Les premiers bilans économiques de l’impact de la crise ne sont pas encourageants. Alors que la Banque Nationale a calculé que pour les niveaux de salaire bas, la perte de revenus nets liée au chômage temporaire pour force majeur est très faible sur une base annuelle, voire inexistante dans certains cas, il y a selon ses calculs une perte de revenus nette tangible pour les niveaux salariaux moyens à élevés. Sans parler des indépendants de secteurs sinistrés, et des travailleurs licenciés. Il y a des dommages permanents à notre économie : hausse structurelle du chômage, faillites, et baisse du commerce.

Si l’on se souvient de la théorie du triangle de la fraude développée par le criminologue Donald Cressey, il y a trois facteurs qui participent au déclenchement de la fraude : la pression financière, e.g. conserver un train de vie avec un revenu moindre ; l’opportunité, e.g. moins de contrôles, ou modifiés – on peut penser au télétravail ; la rationalisation, ou la justification de ses actes e.g. en se sentant victime des circonstances. Que ce soit dans les entreprises ou dans la société, de nouvelles fraudes ont vu le jour, et dans certains pays, les activités criminelles se sont recentrées vers de nouvelles cibles.

La corruption n’est pas qu’un fléau exotique

S’il est un type de fraude que tant les entreprises que la société doivent craindre de voir se développer dans de telles circonstances, il s’agit bien des multiples formes de la corruption. Il y a bien sûr les pots-de-vin et les détournements de fonds, mais il y a surtout le copinage et le trafic d’influence. Lorsque les opportunités d’emploi ou d’affaires se raréfient, la tentation de les réserver à son réseau est bien plus forte. Même s’il est illégal de faire peser un handicap à l’embauche par l’origine, le genre ou l’âge, il se pourrait qu’il devienne encore plus difficile pour certains d’accéder à un emploi idoine.

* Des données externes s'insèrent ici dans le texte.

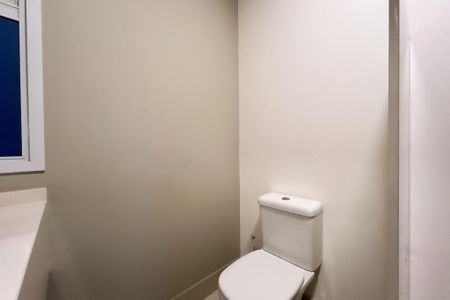 Casa de condomínio à venda com 710m², 6 quartos e 5 vagas Casa de condomínio à venda com 710m², 6 quartos e 5 vagasLavabo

Alors que la législation protège contre les discriminations, une certaine culture d’opacité peut faire obstacle à l’accès à l’emploi et à toute une série de services pour ceux qui n’ont pas acquis par la fortune, la famille ou l’influence des connections et des passe-droits. Si toutes les formes de corruption sont mauvaises pour la société en général, elles frappent souvent plus durement des groupes déjà marginalisés en exacerbant les inégalités et en biaisant la distribution des ressources. Au profit de ceux qui ont les meilleures relations, et au détriment de ceux qui ont le moins facilement accès à la justice.

Les entreprises peuvent, quand elles le veulent, adapter ou développer leurs programmes de compliance pour atténuer les risques de fraude internes et externes, et tenter de reprioritiser ces risques suivant la période. Ainsi, lorsque la chaine d’approvisionnement est bouleversée par les restrictions de mobilité, elles peuvent redoubler d’attention sur la vérification préalable de tout nouveau fournisseur ou client. Ou s’assurer qu’un expert en compliance ou juridique fasse partie de toute équipe de gestion de crise.

L’intégrité génère la confiance

Mais tant la société en général que les entreprises devraient aussi penser à ne pas faire l’économie de la promotion des plus hautes valeurs éthiques. Des pratiques honnêtes, et qui tendent à participer à l’effort collectif, pour le bénéfice du plus grand nombre, seront un socle nécessaire pour ressortir la tête de l’eau. Un souci de transparence et des gages de probité seront plus salutaires pour affronter les défis de la crise qu’une culture de la loi de la jungle. Sans un minimum de foi dans le système de notre gouvernance et de notre économie, souvent mise à mal par certains médias et les réseaux sociaux, la relance s’avère encore plus compliquée.